I remember a time when telling someone you were building a startup in Iloilo City was met with a polite but skeptical smile. The unspoken message was always the same: Why here? Why not Manila or Cebu?
That question is becoming harder and harder to ask with a straight face.
Iloilo City has quietly — and not so quietly — emerged as one of the most dynamic startup ecosystems outside of Metro Manila. And for those of us who’ve been working the ground here for years, this isn’t a surprise. It’s a long time coming.
A City That Chose to Bet on Itself
What makes Iloilo different isn’t just the infrastructure or the universities — it’s the intention. Local government, academe, the private sector, and civil society have made a deliberate choice to invest in innovation.
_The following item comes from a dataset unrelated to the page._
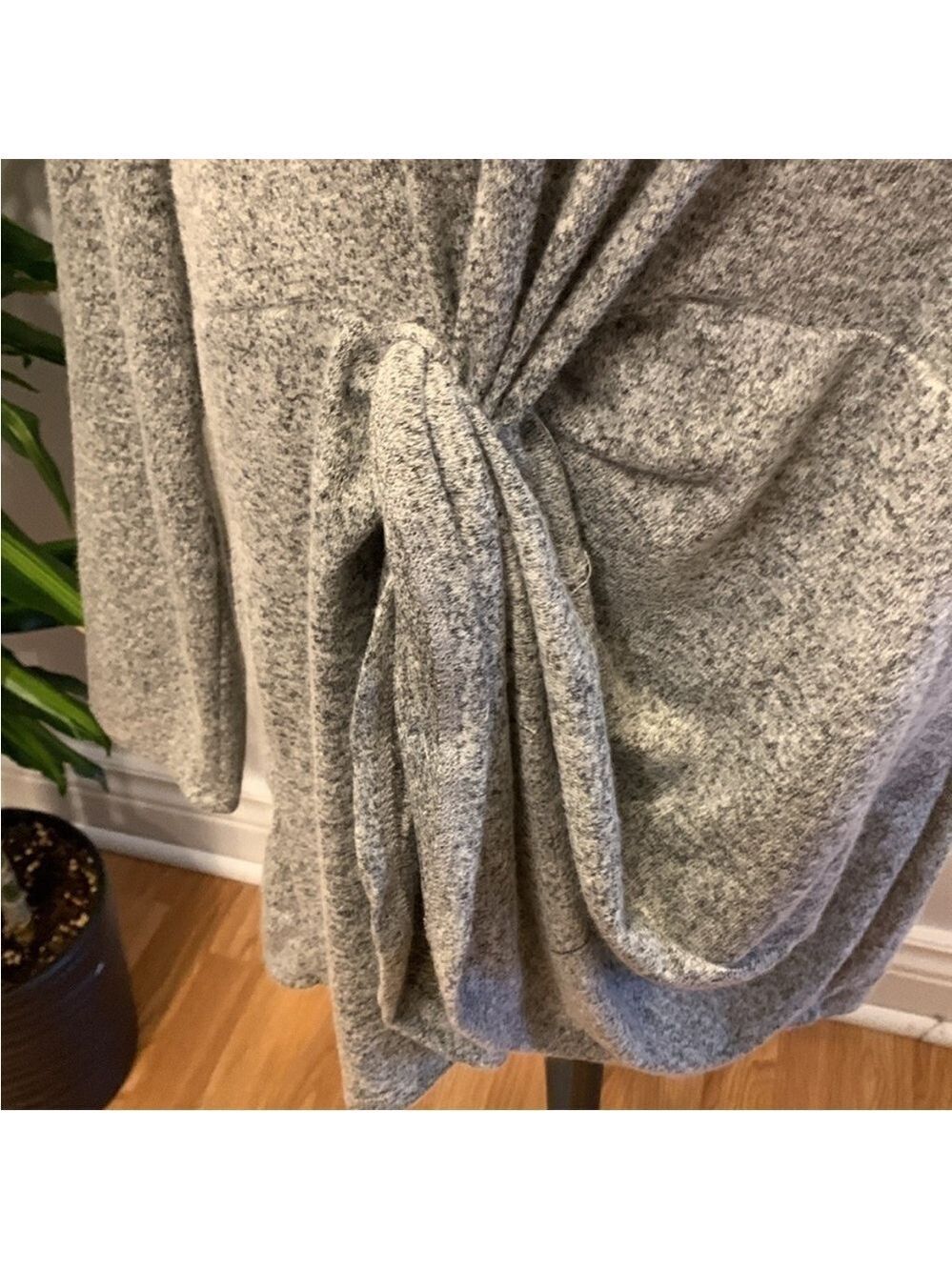 😍CLEARANCE - LILY MORGAN Grey Twist Hem Lightweight Knit Sweater Size 3X - Picture 4 of 12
The Iloilo Province Startup Development Council, the Iloilo Innovation Council, and programs like the DOST-funded technology business incubators aren’t just acronyms. They represent years of advocacy, policy work, and community organizing.
The result? A growing pipeline of startups tackling real, local problems — from agricultural supply chains and food traceability, to health tech, fintech for MSMEs, and smart governance solutions.
What’s Driving the Momentum
A few key forces are converging right now:
1. A Strong University Ecosystem Iloilo is home to multiple state universities and private higher education institutions producing thousands of tech, engineering, and business graduates every year. Programs like DOST’s Balik Scientist, the CHED ZDN initiative, and university-based TBIs are turning academic research into viable startups.
2. National Policy Tailwinds Republic Act 11337 — the Innovative Startup Act — gave startups a real seat at the table in national development policy. Paired with DICT’s regional programs and DOST’s TBI4.0 and SETUP programs, founders in Iloilo now have access to funding, mentorship, and market connections that didn’t exist a decade ago.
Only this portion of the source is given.